More than 20,000 enterprises supported in 2015: SPRING
This is more than twice the number of enterprises supported in 2014, says SPRING Singapore in its 2015 year-in-review.
- Posted 26 Feb 2016 12:32
- Updated 26 Feb 2016 23:36
SINGAPORE: Internationalisation and innovation continue to be the focus for enterprise development agency SPRING Singapore as they look to support small- and medium-sized enterprises.
In its yearly review, SPRING said on Friday (Feb 26) that 20,800 enterprises embarked on 22,100 projects in 2015, more than twice the number of enterprises supported - 9,000 - in 2014. When fully implemented, these projects are expected to create 19,500 new jobs over two to three years and contribute about S$6.9 billion of value-add to the economy.
Close to 95 per cent of these SPRING-supported companies were enterprises with S$10 million or less in revenue.
On the innovation front, SPRING and its incubator partners supported more than 300 startups through its various schemes, up from 160 in 2014. In addition, close to 800 startups were assisted through SPRING's 21 incubators
Meanwhile, SPRING SEEDS Capital, the investment arm of SPRING, co-invested S$13 million in 17 early stage companies, catalysing S$36 million of private investment in 2015.
As part of continuing efforts to improve SMEs' access to assistance and resources, SPRING said companies using its Innovation and Capability Vouchers (ICV) rose more than twofold to 19,500 enterprises from 7,000 in 2014.
Meanwhile, the number of enterprises tapping SPRING's Capability Development Grant (CDG) rose 30 per cent to 1,300 in 2015 from 1,000 the previous year.
COMMITMENT TO HELP COMPANIES GROW
One company that has benefited from the support is packaging firm Fagerdala.

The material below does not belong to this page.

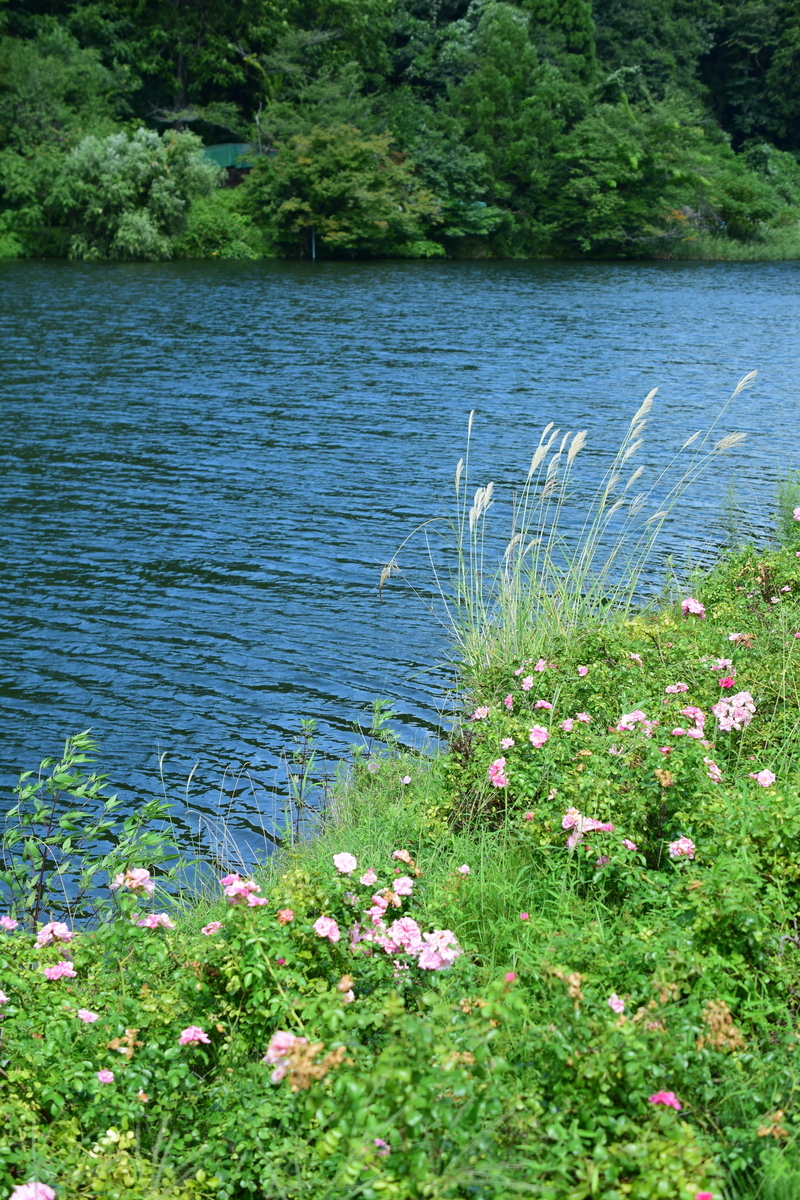f:id:rtaroyma:20190902182759j:plain f:id:rtaroyma:20190902182759j:plain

With support from SPRING Singapore and Nanyang Polytechnic, it rolled out a robotics system that uses smart visual recognition.
This system has shortened production time and increased output by 600 per cent, as well as manpower savings as only one operator is needed instead of seven previously, it said.
"A strategic part of how we succeed in expanding overseas is in how we manage costs because packaging is highly competitive. And we see this robotic programme as giving us an edge in terms of growing into new markets when we set up new factories," said Mr Raymond Chee, Executive Director of Fagerdala Singapore.
"Even in existing factories we would like to roll the robots out to equip the existing teams with even more effective ways of packaging."
Amid the economic uncertainty, SPRING said it will continue to help companies grow their revenues.
Said Chief Executive Poon Hong Yuen: "We want to encourage companies to invest in automation, in robotics and other types of efficiency measures to cut down manpower and improve productivity.
"But another way to improve productivity is to increase the topline. We want to help companies to grow their topline through product development, brand development and internationalisation, so there's a two-pronged approach to productivity increase."